О близости писателя и художника свидетельствуют и воспоминания литератора П. В. Анненкова, приехавшего в Рим 28 апреля 1841 года.
«<В первый же день Гоголь> повел меня в известную историческую австерию под фирмой „Lepre“ („Заяц“), где за длинными столами, шагая по грязному полу и усаживаясь просто на скамейках, стекается к обеденному часу разнообразнейшая публика: художники, иностранцы, аббаты, читадины, фермеры, принчипе, смешиваясь в одном общем говоре и истребляя одни и те же блюда…
В середине обеда к нам подсел довольно плотной мужчина, с красивой, круглой бородкой, с необычайно умными, зоркими карими глазами и превосходным славянским обликом, где доброта и серьезная, проницательная мысль выражалась, так сказать, осязательно; это был А. А. Иванов, с которым я тут впервые познакомился…
По окончании расчета… из австерии перешли мы на Piazza d’Espagna, в кофейную „Del buon gusto“, кажется, уселись втроем в уголку за чашками кофе, и тут Гоголь до самой ночи внимательно и без устали слушал мои рассказы о Петербурге, литературе, литературных статьях, журналах, лицах и происшествиях, расспрашивая и возбуждая повествование, как только оно начинало ослабевать. Он был в своей тарелке и, по счастливому выражению гравера Ф. И. Иордана, мог брать, что ему нужно было или что стоило этого, полной рукой, не давая сам ничего»[62].
Иванов, со вниманием слушая беседу, сидел молча рядом.
Он мог за вечер не произнести ни слова.
В день Светлого Воскресения, отмечаемого католиками по своему календарю, Гоголь, Иванов, Иордан и Анненков, ходили вечером на площадь Св. Петра полюбоваться на чудное освещение купола собора и перемену огней, внезапно производимую в известный час…
Читая записки П. В. Анненкова, полнее чувствуешь смысл бесед, которые происходили между А. А. Ивановым и Н. В. Гоголем.
Оба, похоже, испытывали неприязнь к Франции.
Тот же Гоголь с негодованием отзывался о французском владычестве в Риме, когда сподвижники Наполеона I принялись бездушно истреблять коренные народные начала.
Говорили и о пустоте задач, поставленных французами в жизни, искусстве и философии.

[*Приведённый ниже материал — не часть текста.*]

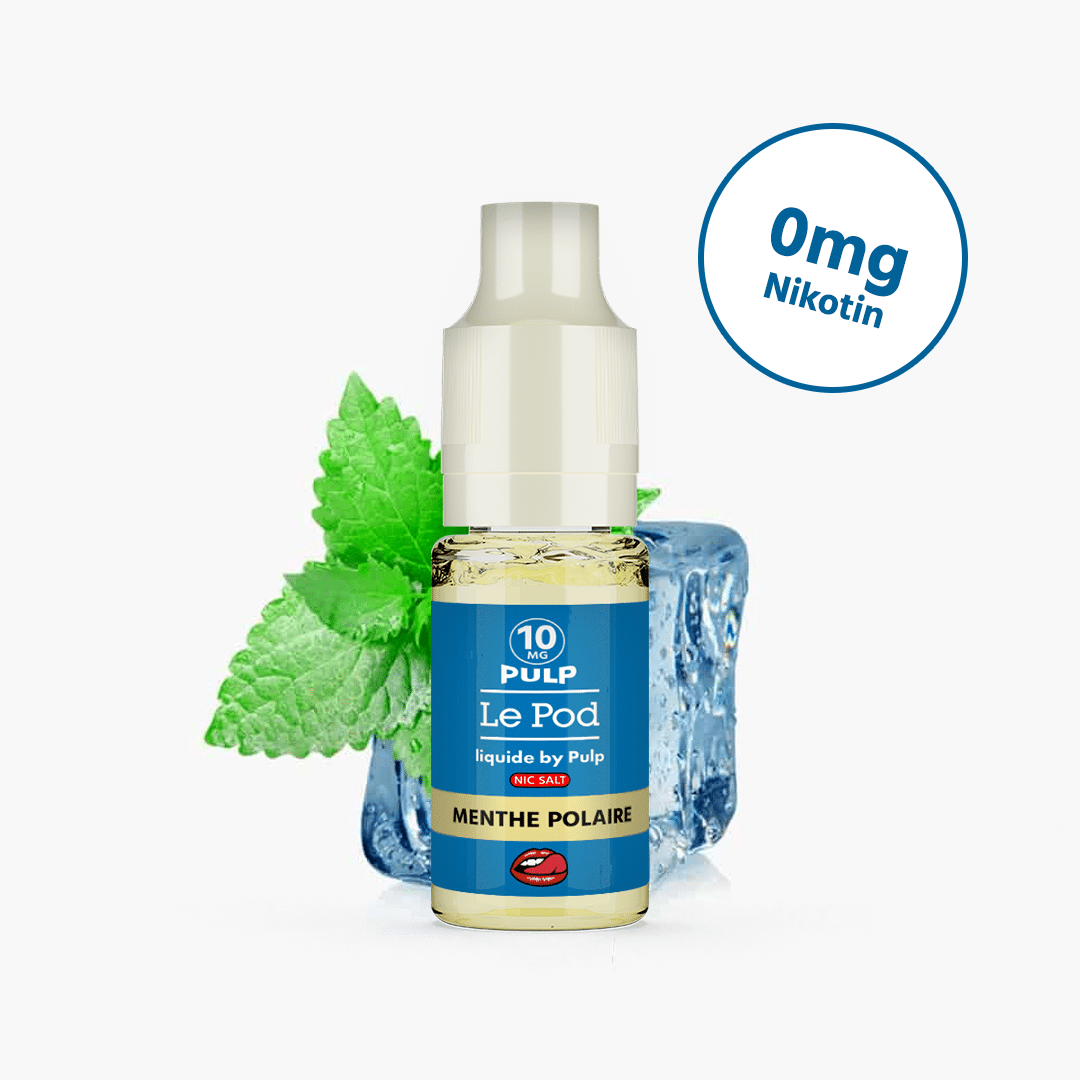 le pod by pulp polar mint nikotinsalz liquid 0mg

Как-то Анненков с Гоголем принялись диспутировать о Франции. Иванов слушал аргументы обеих сторон с напряженным вниманием, но не сказал ни слова. Трудно было понять, чью сторону он держал. Но через два дня Иванов встретил Анненкова на Monte-Pincio и, улыбаясь, повторил незамысловатую фразу, сказанную тем в пылу разговора.